A year later in 1903, David Brown died aged 60. As part of his will, he left the business to his sons Ernest, Percy, and Frank.

Despite owning part of the company, Ernest was given more by his late father. He inherited the pattern making business.

Ernest soon grew bored with this venture and decided to leave the firm. His brothers, Frank and Percy, became joint managing directors.

How David Brown became what it is today

The company’s first venture into the overseas market came in 1913. They formed a partnership with American company Timken to produce worm drive gear units.

David Brown & Company also acquired manufacturing rights to two cars – the Dodson and the Valveless. However, production had to stop at the outbreak of the First World War.

The war would prove beneficial for the company. They started with 200 employees but ended up with over 1,000.

Each member of staff was helping to produce warship propulsion units and armament drive mechanisms. By 1921, they were the world’s largest manufacturers of worm gears.

In 1930, the company decided to expand. They took over another local firm called P.R. Jackson Ltd.

The year after, Frank became sole chairman following the death of his brother Percy. He decided to appoint his 28 year old son David as managing director.

In 1934, they formed another overseas partnership with Australian company Richardson Gears (Pty) Ltd. As a result they were able to open a second Huddersfield factory at Meltham.

One of the company’s biggest developments came in 1935. They obtained a patent for the Merrit-Brown differential steering system for use in tanks.

This was first used in the Churchill Tank. However, since then it has gone on to be the standard for the Centurion, the Conqueror, and the Tortoise heavy tank.

A new era of production began in 1936. The business started building tractors at their new Meltham site.

Initially, tractors were built jointly with Harry Ferguson. However, a disagreement over design led to Brown going solo in 1938 while Ferguson formed a short-lived partnership with Ford.

The David Brown VAK1 Tractor was launched at the 1939 Royal Show. Eventually it sold over 7,000 units.

During the Second World War, David Brown increased production again. They built aircraft tugs for the RAF.

The business was also the only producer of gears for the Spitfires’ Merlin engines. By the end of the war, they employed over 6,000 people.

In 1947, David Brown saw an advertisement in the Times offering a ‘high class motor business’ for sale. This was Aston Martin, which he bought for £20,000 which is roughly £832,700 today.

The following year, the business bought another.
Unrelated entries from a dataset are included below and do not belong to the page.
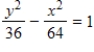 <strong>Find the standard form of the equation of the hyperbola with the given characteristics and center at the origin. ​ Foci:   ;asymptotes:   ​</strong> A)   B)   C)   D)   E)   <div style=padding-top: 35px> 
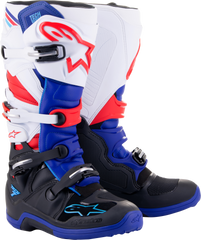 Alpinestars Tech 7 Boots - Black/Blue/Red/White Size 11 (Part Number: 2012014-1732-11)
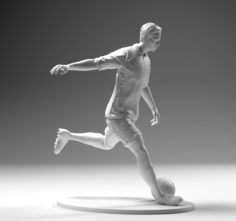 Footballer 02 Footstrike 04 Stl 3D Model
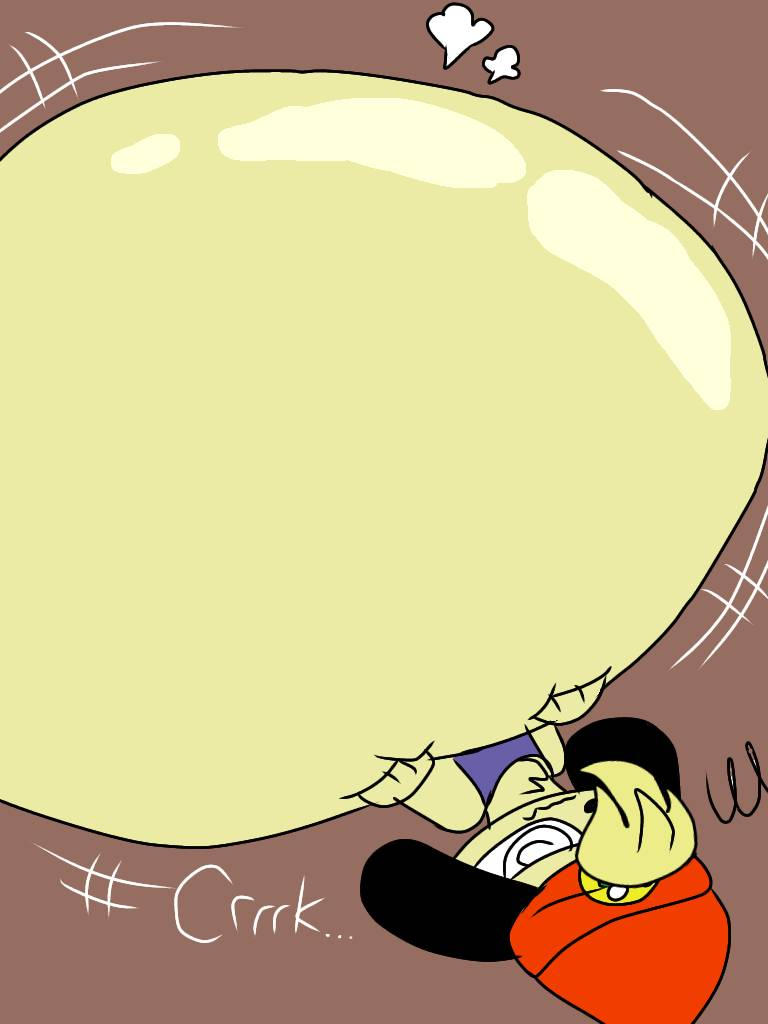 Rapunzel Inflation PaRappa massive belly inflation by rosiethesummerfox03 on DeviantArt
This was the Lagonda which he purchased from almost three times as much.

David Brown acquired Transvaal based Precision Equipment (Pty) Ltd. The company was able to produce the best sports cars of the era.

Many of these were favoured by Ian Fleming. He thought that they would be perfect as an addition to the James Bond novels.
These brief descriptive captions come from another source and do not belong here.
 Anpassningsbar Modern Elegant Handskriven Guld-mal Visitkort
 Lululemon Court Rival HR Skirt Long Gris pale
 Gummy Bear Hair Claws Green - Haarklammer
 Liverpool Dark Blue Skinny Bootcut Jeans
These included V8 Vantage, V12 Vanquish, DBS, and 007’s most famous car of all in the films – the Aston Martin DB5.

During 1972, David Brown faced financial difficulties. As a result, the car business was sold to a Birmingham based consortium and the tractor business to Tenneco Inc. in America.

Despite contracts to supply gearboxes for the conversion of warships to gas propulsion, the company faced increased competition. This came from important goods and stricter Health and Safety laws.

This led to the company floating on the stock market in 1993. As a result, they were then bought by Textron Inc.

Where is David Brown Now?

Despite changing owners, the company managed to keep its head offices. It also continues to manufacture in Huddersfield.

In September 2008, it returned to British ownership when the business was purchased by Clyde Bowers. 2 years later in 2010, the company celebrated its 150th year.

Then, in 2016, the business merged with Santasalo to become David Brown Santasalo. Since then it has remained in the hands of N4 Partners.

Today it’s still recognised as a leading specialist in gear engineering and innovation with manufacturing plants in 18 countries around the world.

Not bad going for a 17 year old lad who started his business in his landlord’s stable.